Empresarios e inversores relacionados con el sector agroalimentario analizaron este martes los negocios del futuro que el sector puede ofrecer a los emprendedores de la comarca del Bierzo durante la presentación del programa de impulso Bierzo Hub, que tuvo lugar hoy en el Palacio de Canedo. “Colaboración entre productores”, “creación de valor añadido” y “digitalización” fueron los elementos claves en los que insistieron los diversos ponentes, que animaron a los participantes de la charla a “quitarse los miedos y ser valientes” y formar parte del “cambio del modelo económico”, donde la “colaboración” adquiere un papel relevante en la mejora de la calidad de vida de la gente, según destacó la moderadora de la charla y directora de la empresa Pharmadus, Beatriz Escudero.
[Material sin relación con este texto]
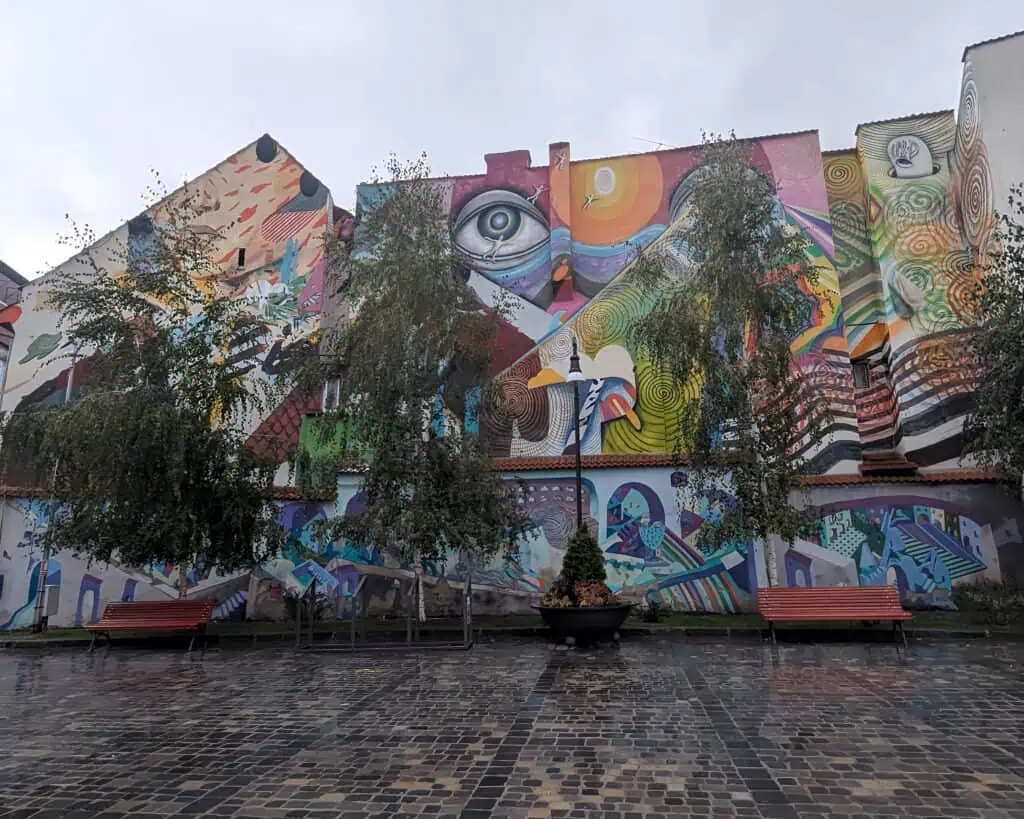 Piața Sfântul Ioan Brasov 3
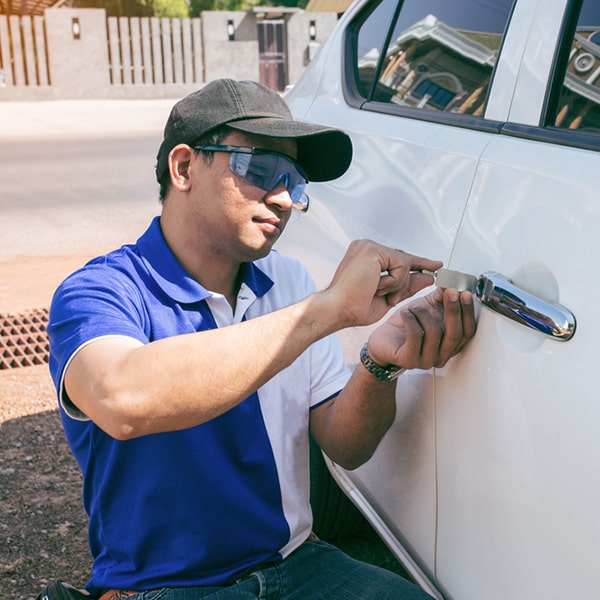 puedes contactar a la cerrajería de autos a través de nuestro número de teléfono o página web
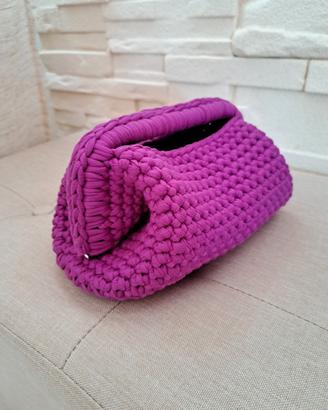 Clutch all'uncinetto in fettuccia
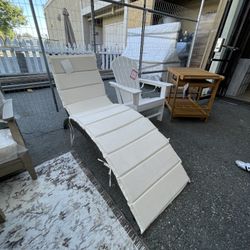 KD-OS1104GW White/Gray Outdoor Chaise Lounge w/ Cushion
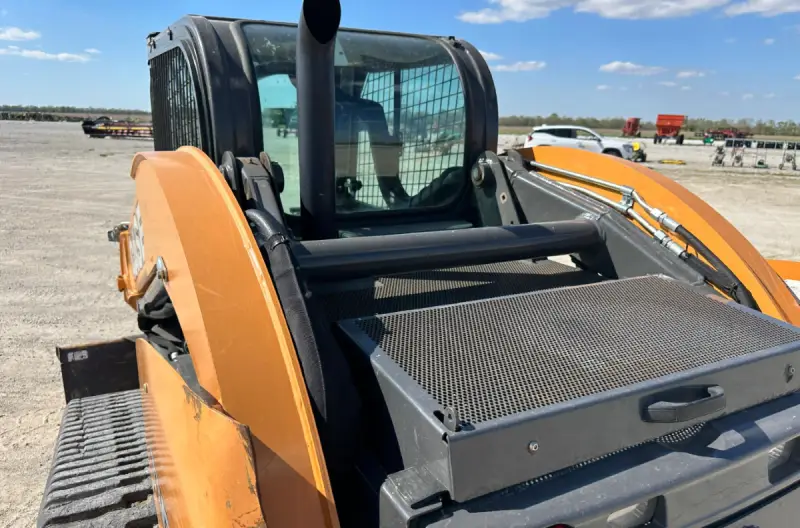 2019 Case TV370 photo 19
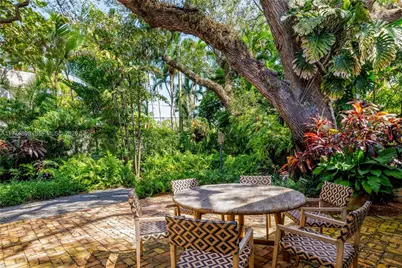 935 Escobar Ave, Coral Gables, FL 33134 - Photo 34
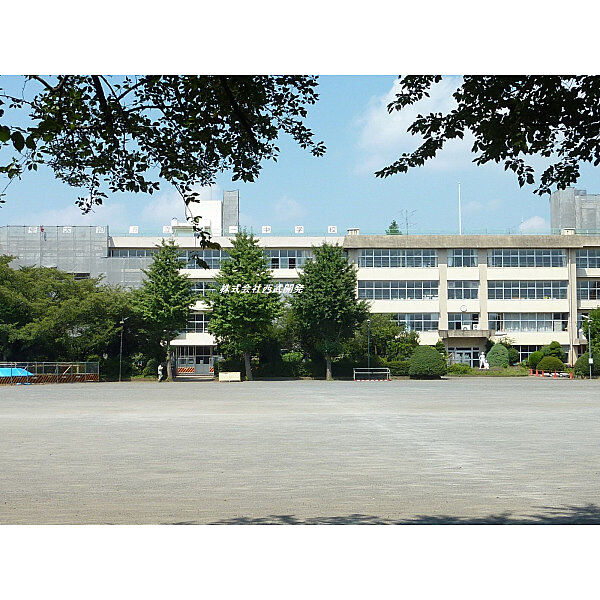 第一中学校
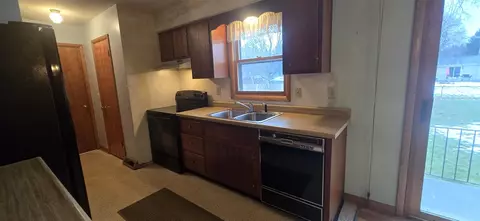324 Madison, Bellevue, MI 49021 photo 12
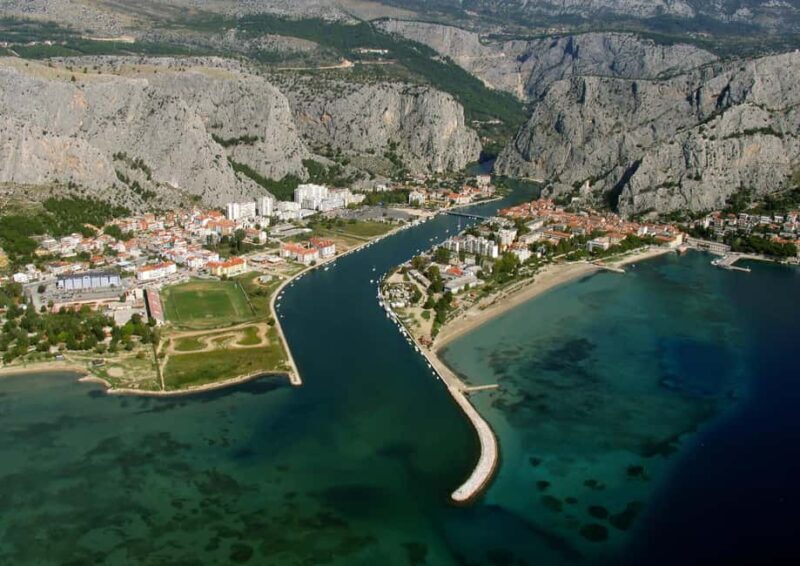 Omi: Free Climbing gear, Daily Rental - Key Points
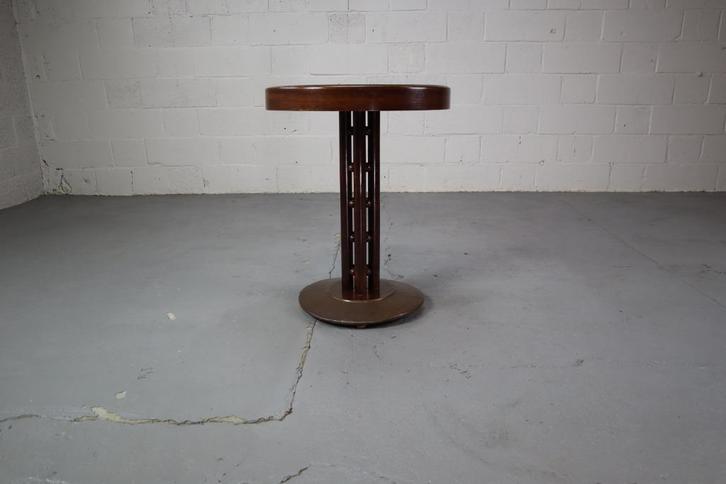 Table by Josef Hoffmann and executed by J.&J. Kohn, 1908, Antiek en Kunst, Antiek | Meubels | Tafels, Ophalen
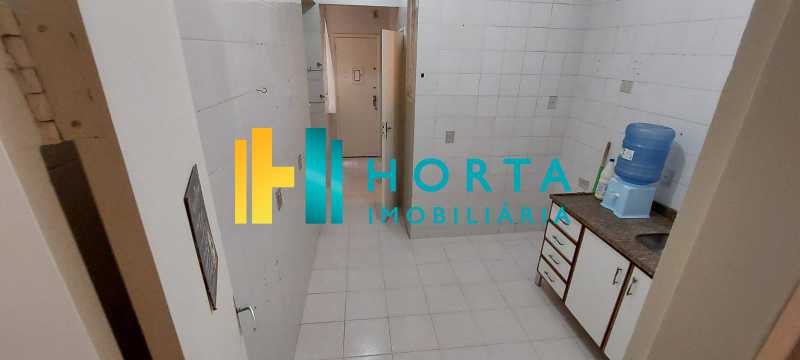 Conheça 51 do imóvel - HORTA IMÓVEIS ALUGA - apartamento quadra praia com 100m², sala, 3 quartos, cozinha, banheiro, área de serviço, dependência completa, no valor de R$ 2.800,00 + condomínio de 1.650,00 + 340,00 mensal do IPTU, entre a Rua Djalma Ulrich e Miguel Lemos. - CPAP32040 - 17 51 - HORTA IMÓVEIS ALUGA - apartamento quadra praia com 100m², sala, 3 quartos, cozinha, banheiro, área de serviço, dependência completa, no valor de R$ 2.800,00 + condomínio de 1.650,00 + 340,00 mensal do IPTU, entre a Rua Djalma Ulrich e Miguel Lemos. - CPAP32040 - 17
En esa línea, Rocío Hervella, administradora única de la empresa Prosol, una de las cinco empresas que hacen café soluble en Europa, insistió en que la búsqueda de “valor añadido” es el valor fundamental de un emprendedor en el sector de la alimentación. Al respecto, Hervella recordó que el equipo de la empresa está formado por más de 300 personas, entre los que se encuentran “especialistas para hacer proyectos compartidos”.
Por su parte, el responsable de la empresa Thoffood, Horacio González, apostó por la “fórmula universal, basada en el esfuerzo y el trabajo” como herramienta para “aprovechar las muchísimas oportunidades” que ofrece el sector agroalimentario del Bierzo. En esa línea, destacó que el “dinero barato” y el “apoyo de las instituciones” pueden funcionar como “circulo virtuoso del emprendimiento”, capaces de generar empleo, industria y servicios auxiliares para toda la sociedad.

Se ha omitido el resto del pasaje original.